### Task details
Below are records with pictures in them. Transcribe everything from the line containing "Kamer te huur: Speeldonk, Steegsche" down to the line containing "Riddell Speedflex Occipital", exactly, and leave the pictures behind.

### Exercise input
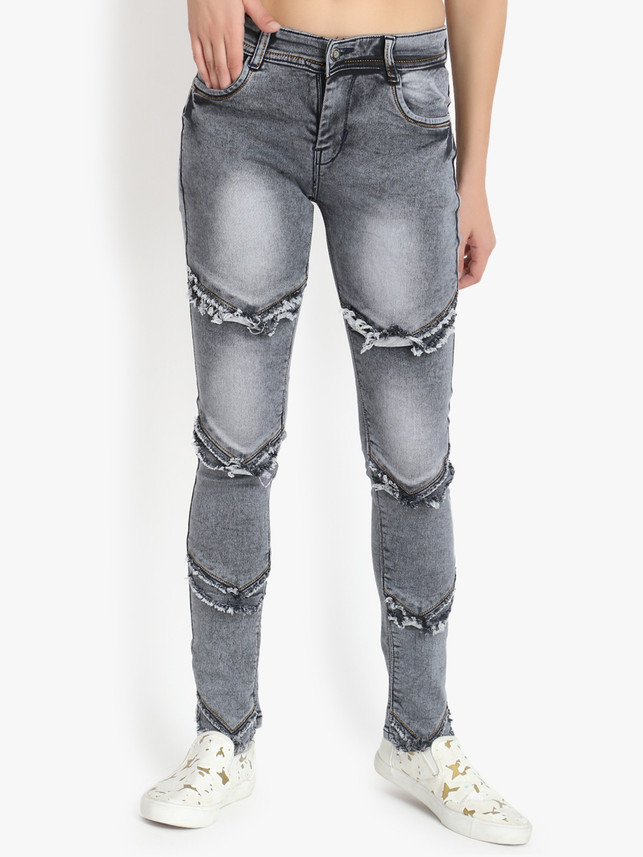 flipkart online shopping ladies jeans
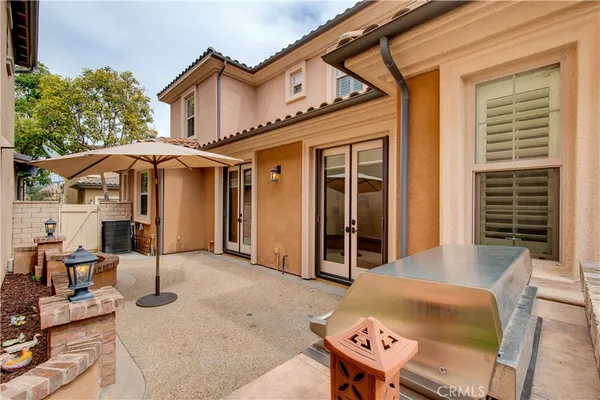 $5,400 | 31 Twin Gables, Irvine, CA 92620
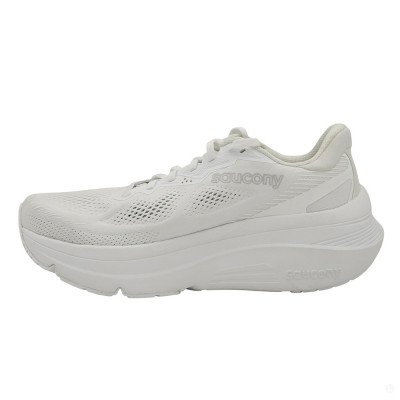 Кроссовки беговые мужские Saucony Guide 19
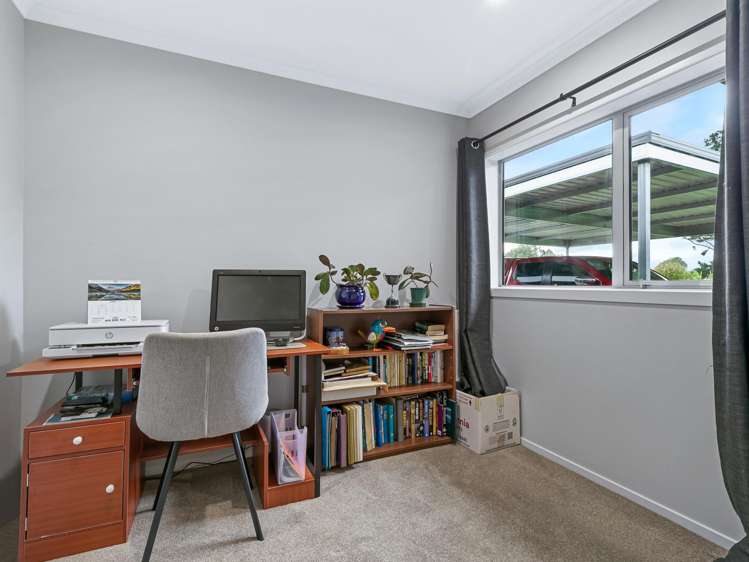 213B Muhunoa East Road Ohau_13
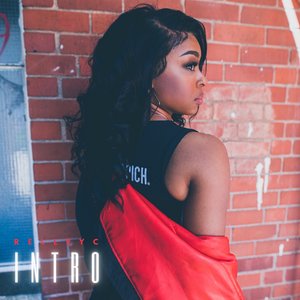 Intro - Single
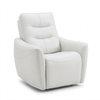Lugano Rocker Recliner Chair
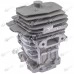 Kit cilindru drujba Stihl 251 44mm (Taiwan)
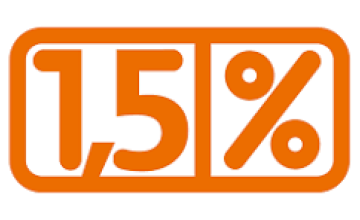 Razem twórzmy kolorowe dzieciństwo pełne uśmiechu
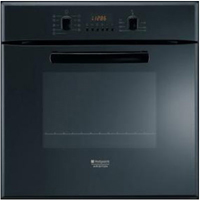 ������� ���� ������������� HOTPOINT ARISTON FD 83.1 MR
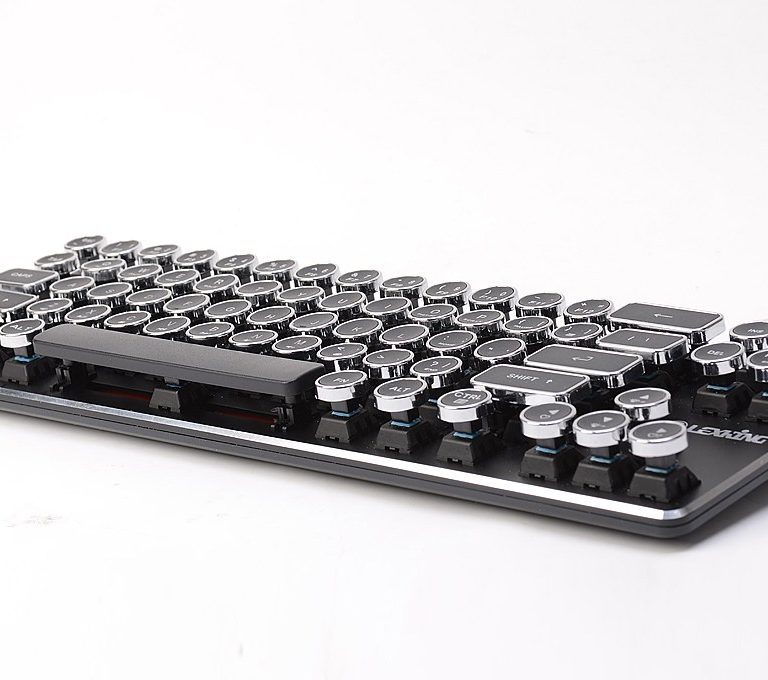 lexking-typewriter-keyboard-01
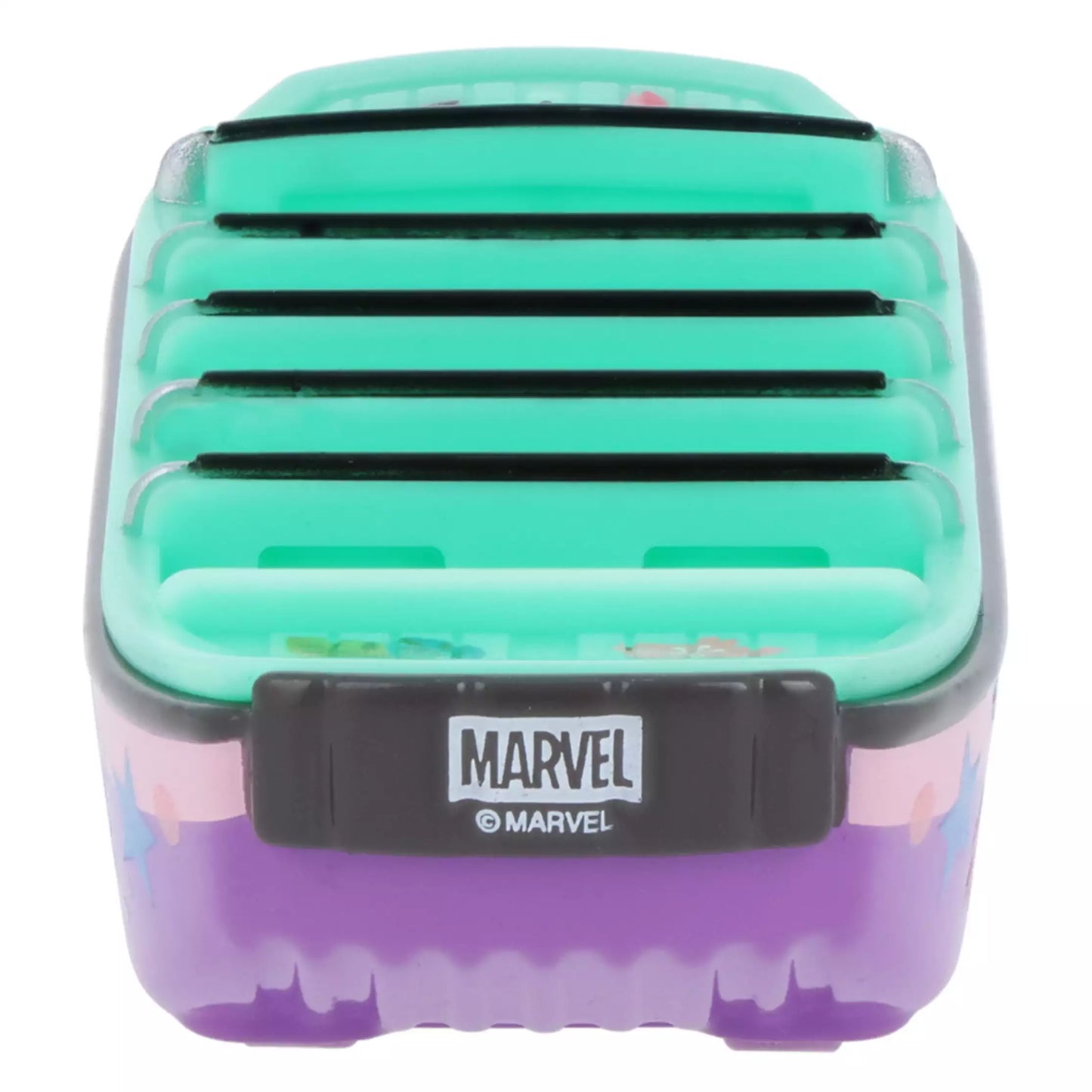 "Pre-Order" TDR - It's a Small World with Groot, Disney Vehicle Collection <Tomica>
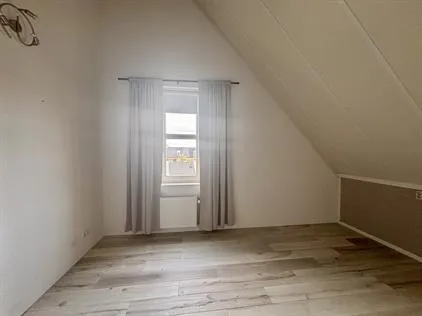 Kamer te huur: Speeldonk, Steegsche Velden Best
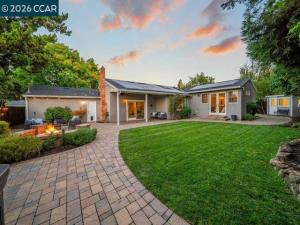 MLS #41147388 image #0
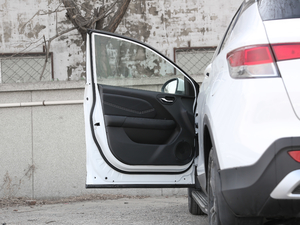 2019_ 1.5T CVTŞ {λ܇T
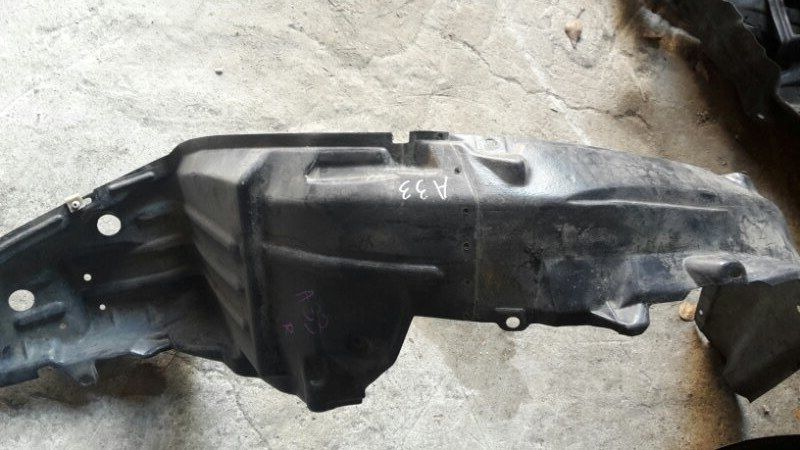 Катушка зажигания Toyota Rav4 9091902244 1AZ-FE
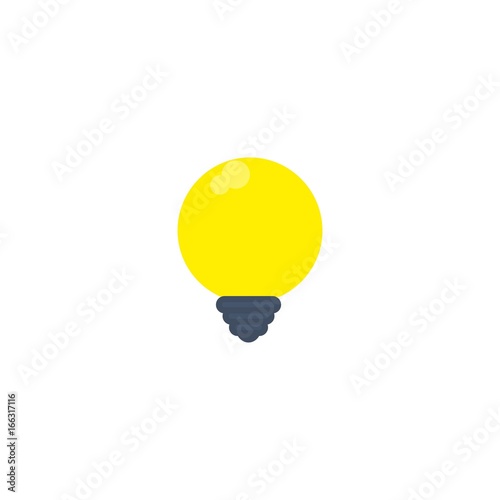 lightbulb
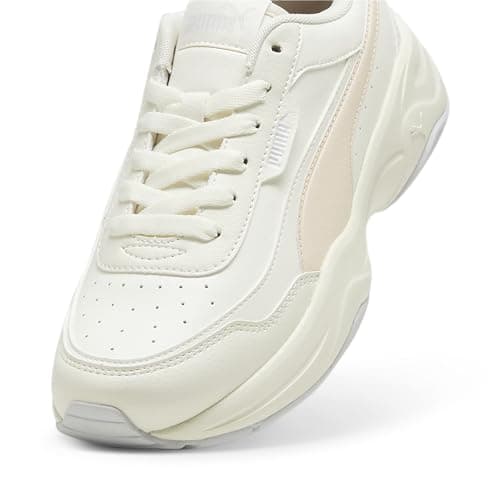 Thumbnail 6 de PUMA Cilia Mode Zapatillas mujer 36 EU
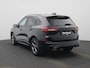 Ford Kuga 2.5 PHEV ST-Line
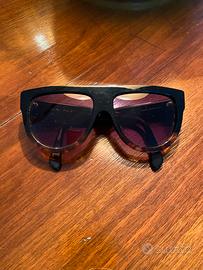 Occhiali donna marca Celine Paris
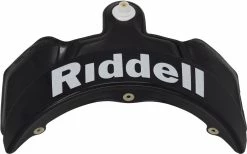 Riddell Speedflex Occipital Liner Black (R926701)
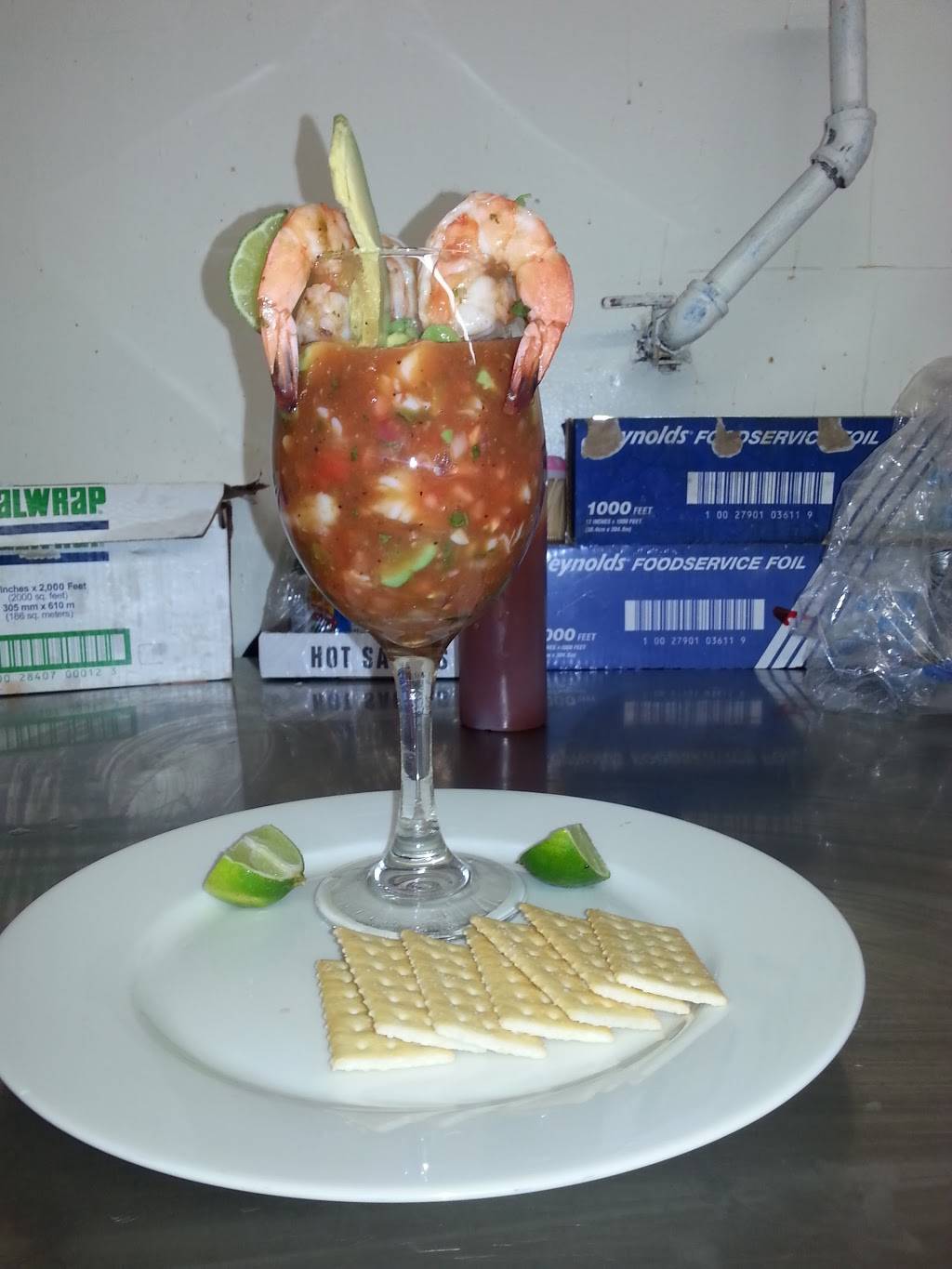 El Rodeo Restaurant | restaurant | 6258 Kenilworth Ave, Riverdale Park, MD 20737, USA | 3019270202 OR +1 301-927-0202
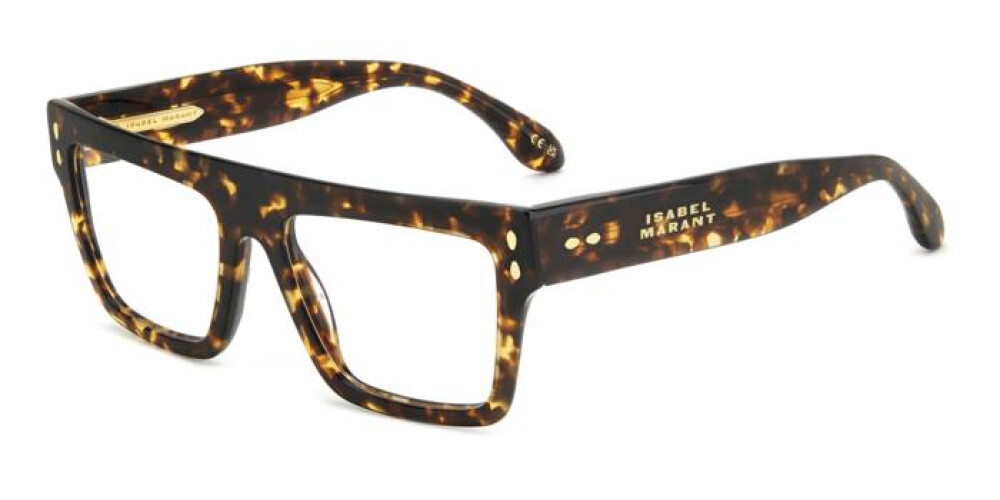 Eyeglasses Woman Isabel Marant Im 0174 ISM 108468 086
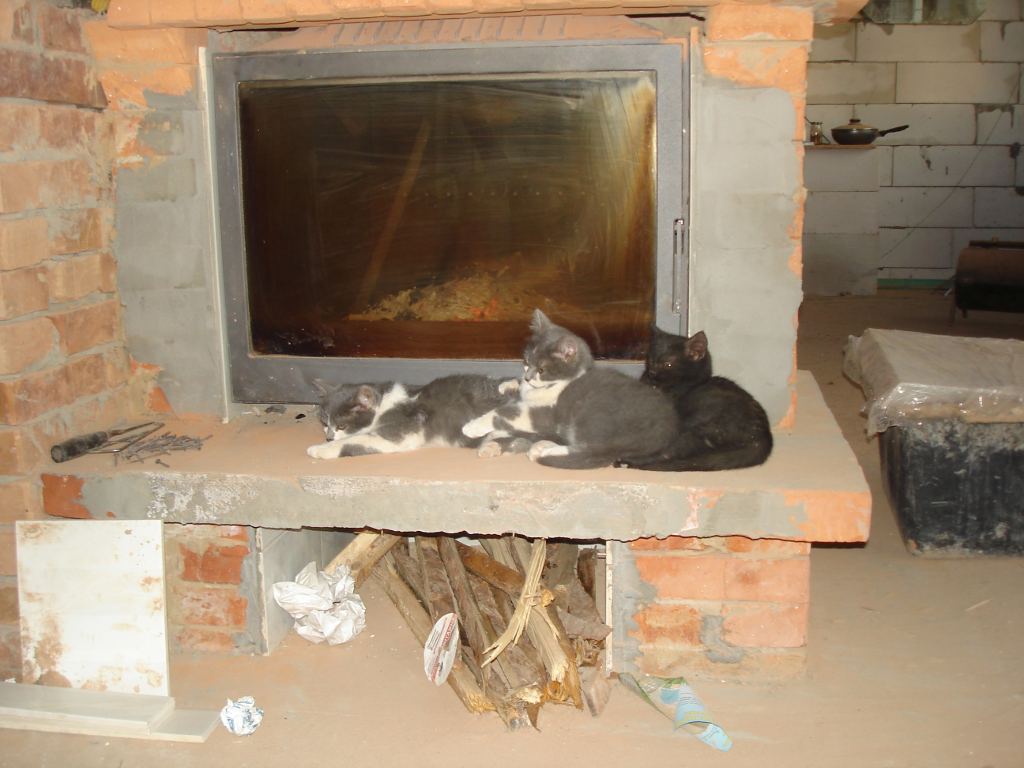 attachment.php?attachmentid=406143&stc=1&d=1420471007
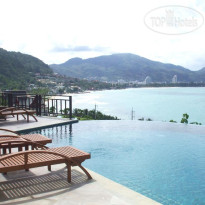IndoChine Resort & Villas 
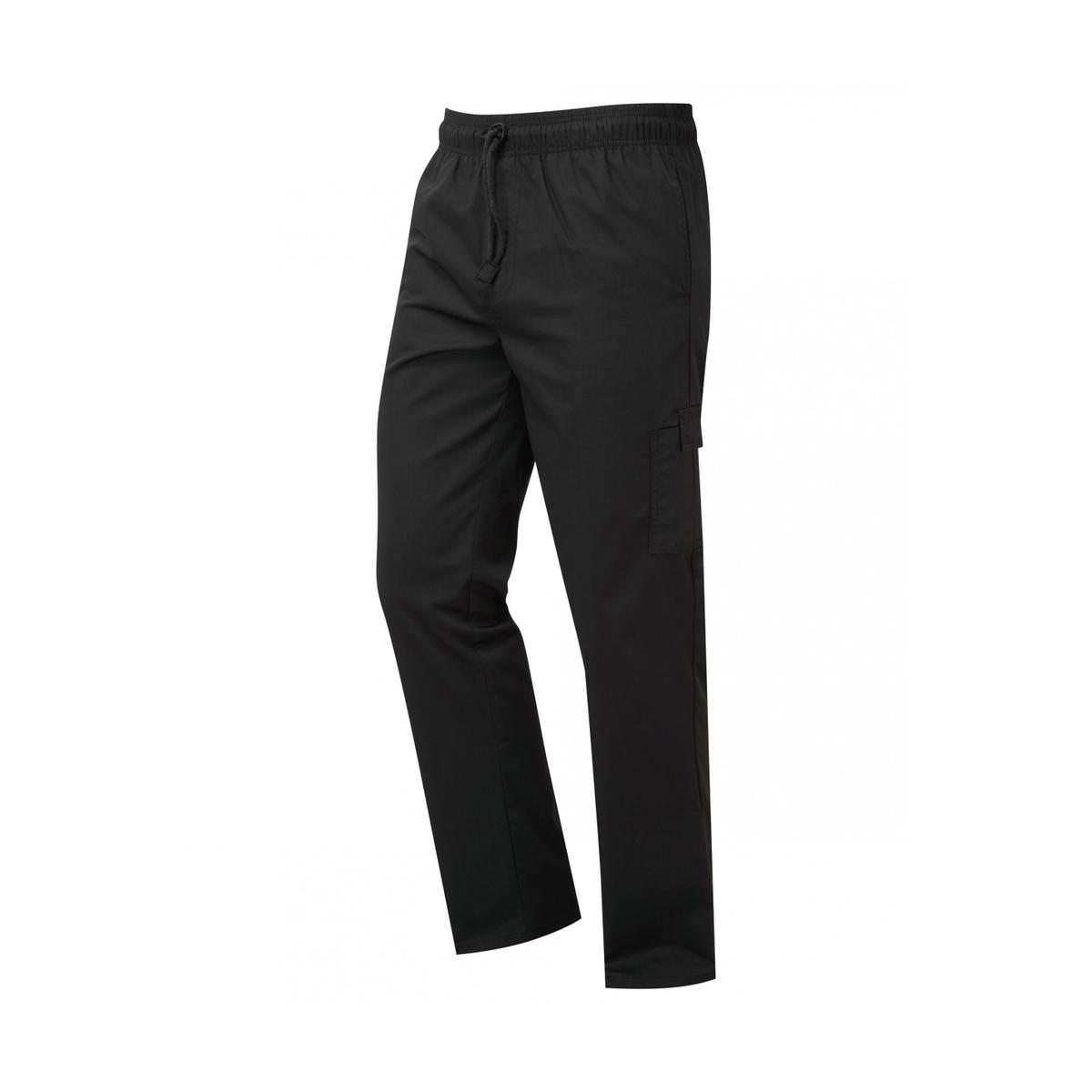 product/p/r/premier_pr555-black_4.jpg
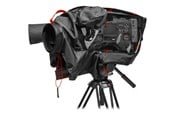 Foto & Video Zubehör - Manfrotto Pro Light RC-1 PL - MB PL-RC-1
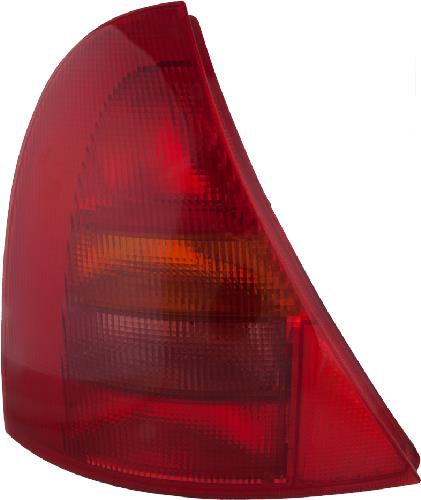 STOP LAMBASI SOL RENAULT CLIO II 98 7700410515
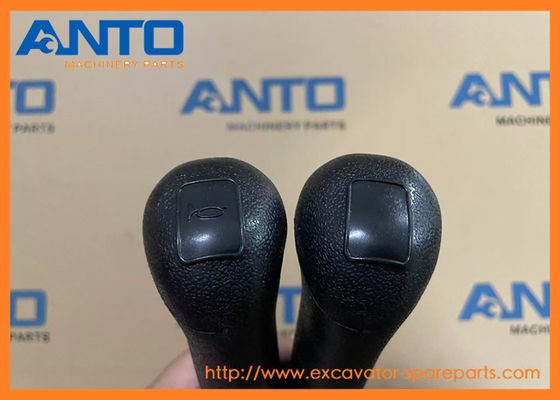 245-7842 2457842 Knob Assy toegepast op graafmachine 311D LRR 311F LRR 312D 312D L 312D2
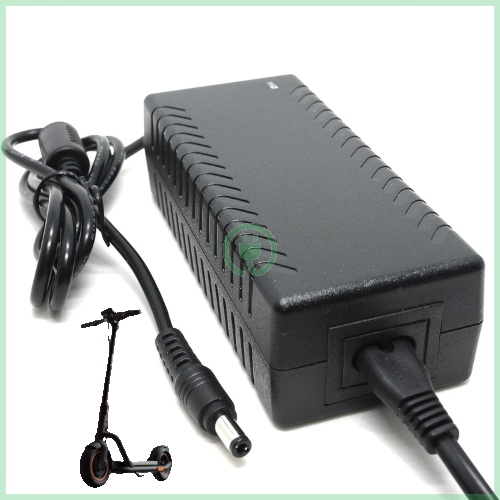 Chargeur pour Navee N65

### Answer to this task
 Kamer te huur: Speeldonk, Steegsche Velden Best
 MLS #41147388 image #0
 2019_ 1.5T CVTŞ {λ܇T
 Катушка зажигания Toyota Rav4 9091902244 1AZ-FE
 lightbulb
 Thumbnail 6 de PUMA Cilia Mode Zapatillas mujer 36 EU
 Ford Kuga 2.5 PHEV ST-Line
 Occhiali donna marca Celine Paris
 Riddell Speedflex Occipital Liner Black (R926701)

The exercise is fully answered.